SOUTH OF THE BORDER: Goodell said of having games in Mexico, "One of our fastest-growing audience segments are Hispanic fans." He added, "We're proud of that. That's intentional. We're working harder to reach those fans, introduce them to the game or if they are already great fans we want to give them more of the game and you're seeing that through all of our media offerings." Goodell said "we have great coverage" in Mexico and "what we're trying to do is figure out new ways of engaging those fans" (NFL Network, 1/31).
Racing Victoria bosses "have countered claims that they have been to slow to unravel the multi million dollar mess left by the collapse of the BC3 Thoroughbreds set up," and the organization says "it has accumulated more than one million pieces of information to help them unravel the complicated fall out of the punting and investment scandal," according to Michael Lynch of THE AGE. RV Exec GM Integrity Services Dayle Brown said that the probe "is by far the biggest investigation ever taken by the sport's governing body." Brown: "The analysis of this data has taken considerable time, but we are nearing completion of this phase of the investigation and are building an intimate picture of BC3 Thoroughbreds and its racehorse ownership business" (THE AGE, 2/2). In Sydney, Patrick Bartley reported Racing authorities fear that a dangerous new drug that "is being used by trainers in Australia and they admit they do not have the means to test for it, or the jurisdiction to punish offenders if a positive test is found." Victorian racing investigators "now use human laboratories or overseas testing facilities in a bid to apprehend horse trainers who are using the drug cobalt chloride." And stewards "are unable to charge trainers with the use of the substance because the appropriate threshold levels are still to be determined" (SYDNEY MORNING HERALD, 2/3).

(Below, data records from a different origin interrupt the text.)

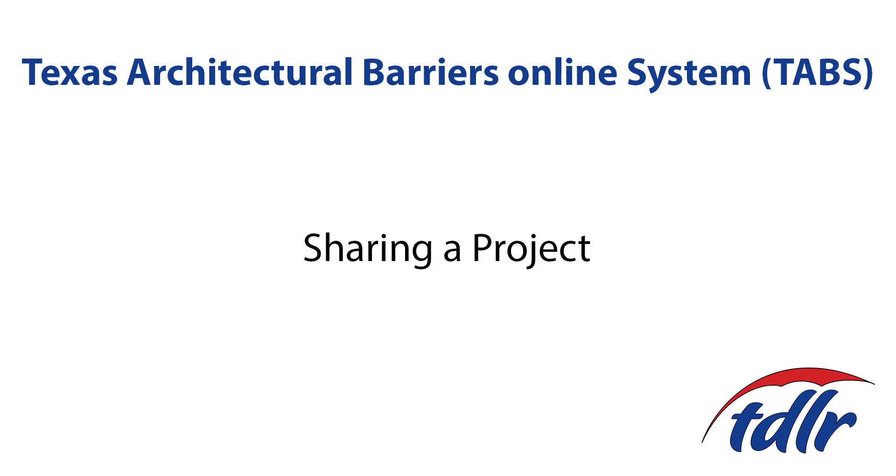In this video, we will show you how to share a project between RASs. Projects can be shared for either the project review or inspection, but only one at a time.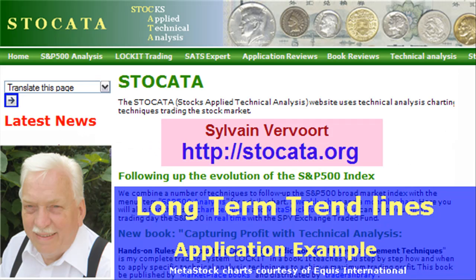That's it concerning this special video about long term trading based on trend lines and support and resistance lines. I hope you like it. Watch out for more. Stay in touch, subscribe to my channel, tell your friends, and pay a visit to my website stoccata.org. Have a nice day and I hope I see you in my next training video.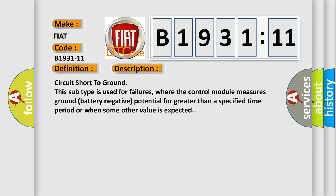Circuit short to ground. This subtype is used for failures where the control module measures ground battery negative potential for greater than a specified time period or when some other value is expected.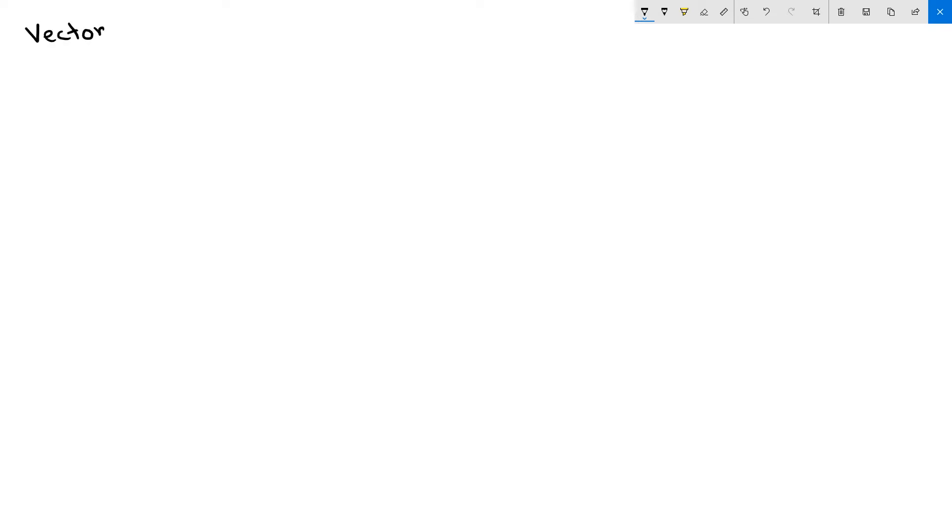Hi, in this video we will explain vector subtraction, what they are used for, and how to perform them.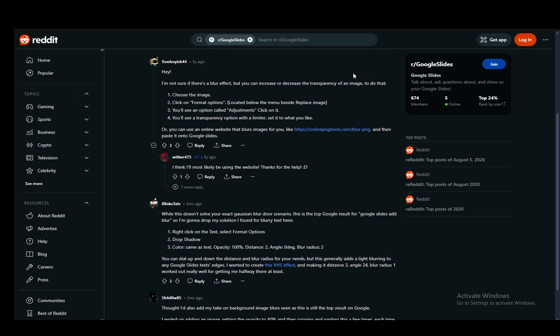Now this does not necessarily blur it. So to blur it you can very easily just download the image, then use it in another editing software to blur it up, and then reinsert it into a presentation already blurred.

With just one seat to be officially confirmed, the V8 Supercars field "will be the smallest yet as even the top teams face a financial squeeze," according to Mark Fogarty of the BRISBANE TIMES. Two entries "have dropped out and another is doubtful, reducing the car count to 25." This V8 season, which starts with the March 1-2 Adelaide 500, "will be the first in recent years in which there hasn't been a full field of 28." A Racing Entitlement Contract "is required for each car entered by an owner and REC holders are entitled to a share of V8 racing's end-of-year profits." But because of the V8s' "poor two-year interim TV rights deal, there was no payout last year and this year is also likely to see the teams get little or nothing" (BRISBANE TIMES, 2/2).